Work to complete> Under this line sits a listing. Repeat exactly and only its lines from the one holding "2025 Chrysler /" through the one holding "9 Vail, Maumelle, AR 72113"; skip pictures.
**** Input data ****
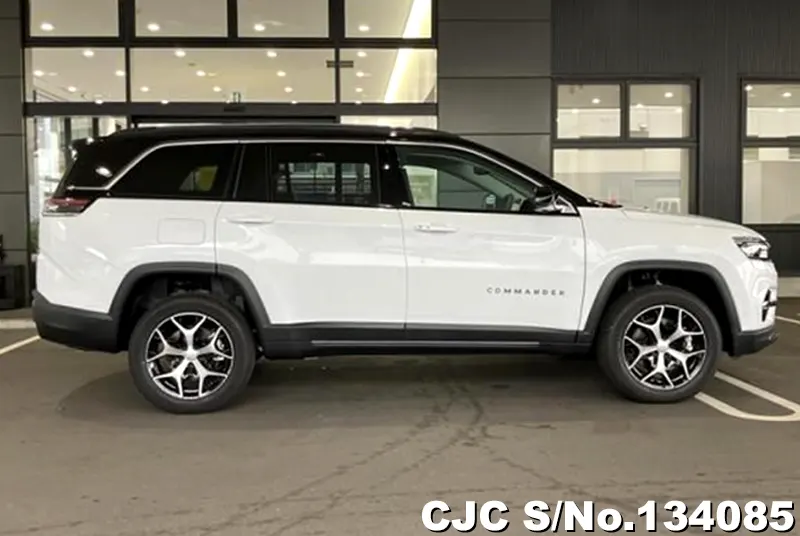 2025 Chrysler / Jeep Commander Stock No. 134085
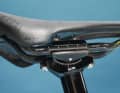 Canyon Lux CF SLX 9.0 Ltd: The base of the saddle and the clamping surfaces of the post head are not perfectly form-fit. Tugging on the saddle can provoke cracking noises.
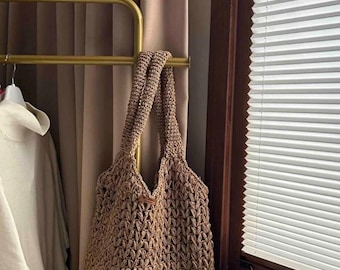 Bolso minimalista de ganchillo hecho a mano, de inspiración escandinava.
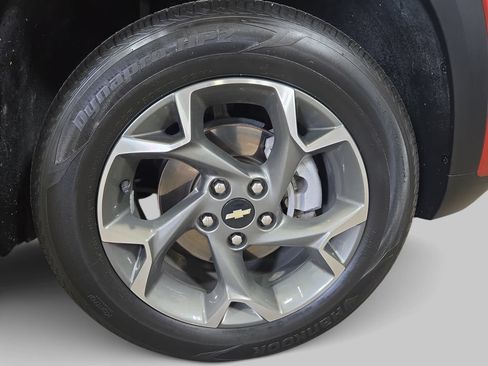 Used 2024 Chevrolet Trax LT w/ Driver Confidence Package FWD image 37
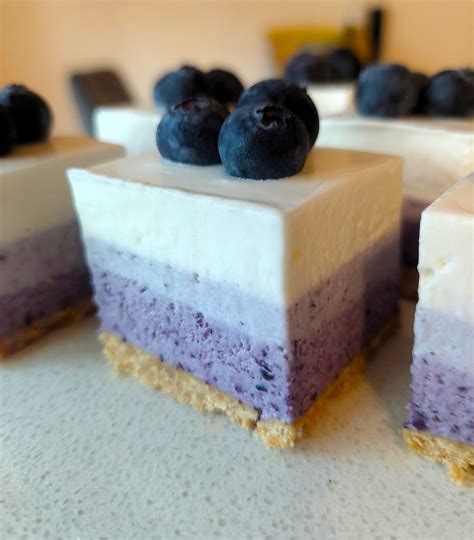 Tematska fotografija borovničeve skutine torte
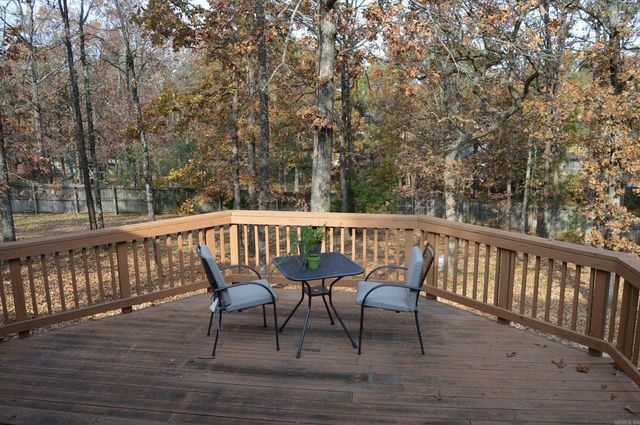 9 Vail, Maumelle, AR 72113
****
**** Input data ****
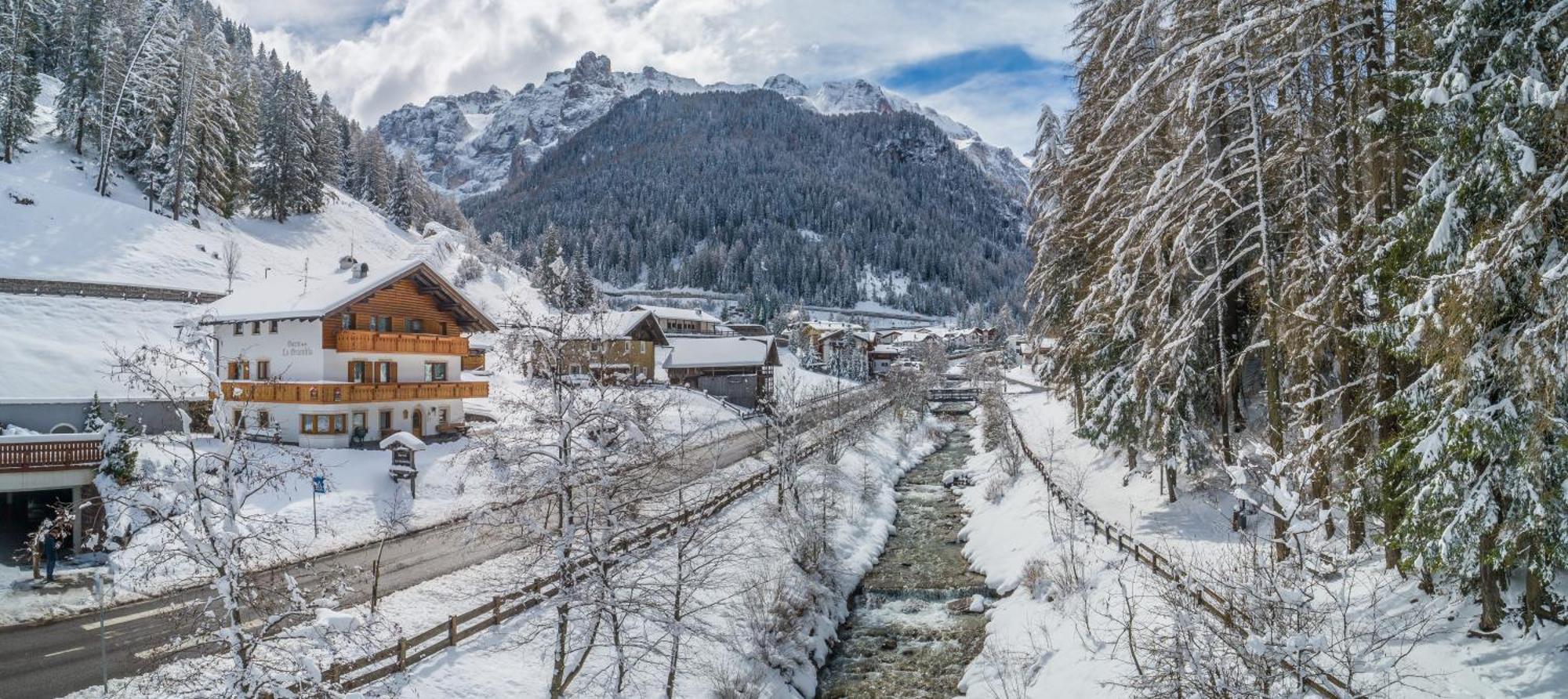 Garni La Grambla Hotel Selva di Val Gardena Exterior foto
****
Result for this task>
 2025 Chrysler / Jeep Commander Stock No. 134085
 Canyon Lux CF SLX 9.0 Ltd: The base of the saddle and the clamping surfaces of the post head are not perfectly form-fit. Tugging on the saddle can provoke cracking noises.
 Bolso minimalista de ganchillo hecho a mano, de inspiración escandinava.
 Used 2024 Chevrolet Trax LT w/ Driver Confidence Package FWD image 37
 Tematska fotografija borovničeve skutine torte
 9 Vail, Maumelle, AR 72113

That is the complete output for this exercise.